New York—March 15, 2016—The Bonobos shop on lower Fifth Avenue, in Manhattan, sits in a row of familiar fashion brands, including J.Crew, Zara and Gap, according to The Economist. As at those stores, shoppers at Bonobos can survey racks of clothes, try on this shirt and those trousers, then decide which items to purchase. Unlike in those stores, shoppers at Bonobos may not buy any clothes to take home. When Bonobos first tried this idea, in 2011, it seemed like a lark. The company now has 20 such shops, from Texas to California, and plans to open at least seven more this year.
Brick-and-mortar stores are in the throes of an identity crisis. The growing threat from online shopping is spurring some physical retailers to do more than just sell goods. Lululemon lures shoppers with both yoga clothes and yoga classes; Louis Vuitton displays fine art beside its frocks. Among the most interesting models to emerge, however, are chains such as Bonobos, whose outlets have no stock to sell.
The idea is to divorce the purchase of a product from its distribution. Until recently, this business model was largely restricted to sellers of big, non-portable things like furniture: People like to examine sofas before they buy them, but they do not fit neatly into shopping bags. Now, clothing retailers are seeing the downsides of conventional shops, too.

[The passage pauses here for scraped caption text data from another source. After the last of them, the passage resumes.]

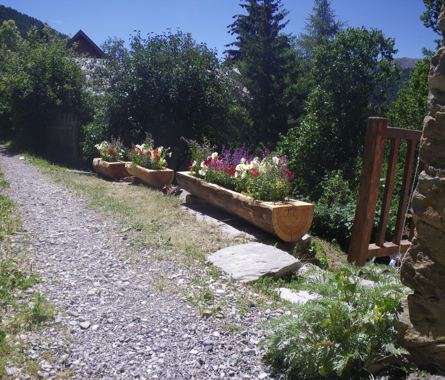 Jardinière délimitant le haut d'un muret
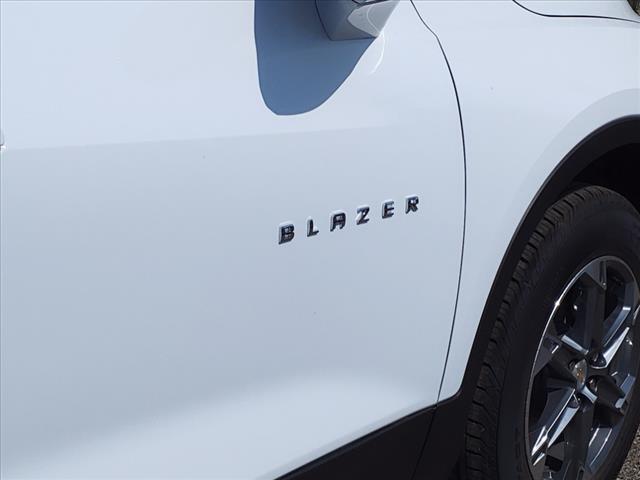 new 2025 Chevrolet Blazer car, priced at $35,186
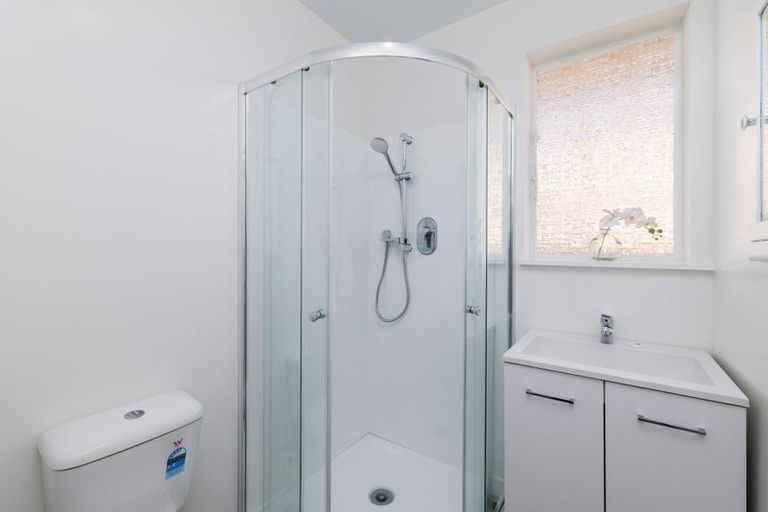 Photo of property in 15 Lyndhurst Crescent, Aranui, Christchurch, 8061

If a retailer stores and sells goods in the same place, it must lease space, often in an expensive central location, for the store room as well as the shop floor. Staff may be needed to unpack deliveries overnight, which raises costs further. Employees spend much of the day restocking shelves, which means less attention paid to customers. Companies can never predict perfectly which items will sell in which shops. Inevitably some clothes linger unsold for too long and must be marked down, which squeezes margins.